I invited some of my favourite thinkers, to be part of the panel:
Matt Packer’s ESSAY: Lost Arks: Some Notes on Jiann Hughes’ Exhuming the Archive
Rachel O'Dwyer's ABSTRACT: "There is no cat”: A prehistory of (im)material networks
The luminiferous ether was an imagined medium used in the 18th and 19th century to explain action at a distance and the propagation of heat, light, radio waves and even telepathic communications through space. While the existence of any such medium was disproved by Einstein’s theory of relativity in the early twentieth century, the ethereal continues to ghost wireless communications such as radio, cellular networks and the Internet of things. Cultural and scientific imaginaries of the ether as a kind of tangible-intangible medium give insight into contemporary wireless networks, their materiality, aesthetics and political economies. Specifically the ether provides a way to think through the relationship between the ‘material’ and ‘immaterial’ in digital networks, allowing us to move away from an approach that distinguishes between these towards one that recognises their interrelationship and appropriates both as one.
Tina Kinsella's ABSTRACT: According to Sigmund Freud, the unconscious is not only a repository for repressed experience, but a psychical domain that contains latent memory that is not currently present to consciousness. Such an understanding of the psyche mimics the topographical domain of the digital which houses ‘memories we would rather forget’ (repressed experience) as well as ‘the stuff that resists decay, refuses to be forgotten, and refuses to let us forget’ (latent memory that is not active in present consciousness).
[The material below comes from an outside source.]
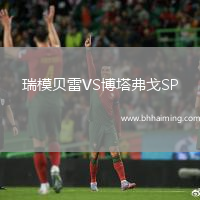 瑞模貝雷VS博塔弗戈SP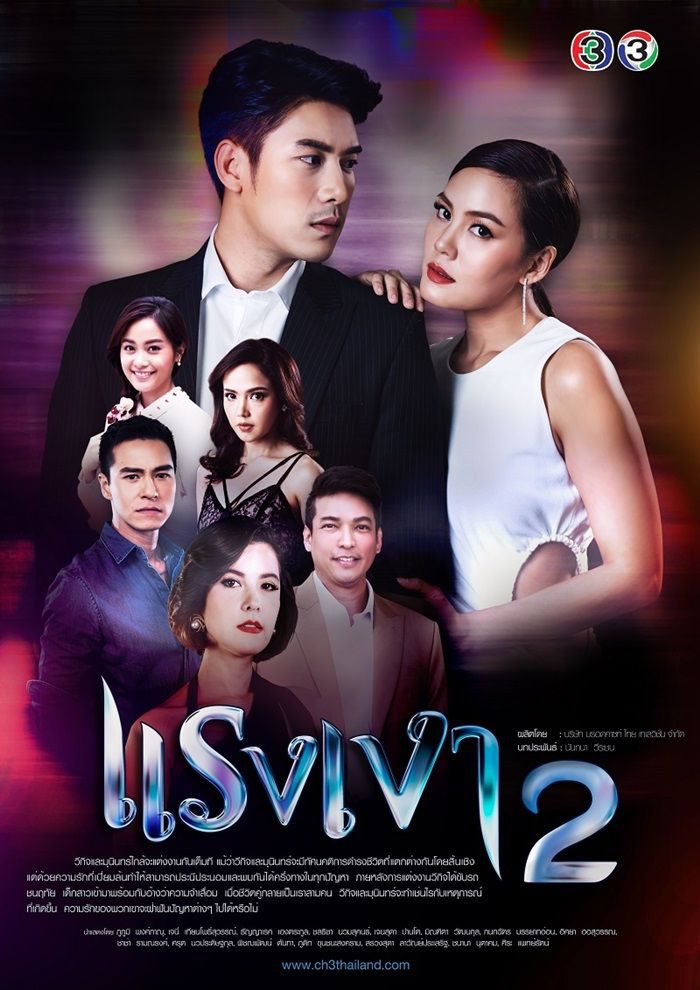 ละคร แรงเงา2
Of course, whilst this relay between the intentional will towards forgetting and the always possible return of unconscious phenomena undermines the assumed agency of the sovereign subject, Freud’s presentation of subjectivity privileges the individuated, rather than the relational, subject. This presentation draws on the work of artist and psychoanalytic theorist, Bracha L. Ettinger, who proposes a profoundly relational stratum of subjectivity that she defines as co-poietic (co-becoming) and transubjective (not reducible to intersubjective communication). The aim of this presentation is to investigate and explore the archive and the archival process as a form of relational, transactive co-poietic knowledge-generation which can be understood as a participation/collaboration between subject/object materialities that cannot be reduced to discrete boundaries imposed between received notions of (active) subjects and (passive) objects.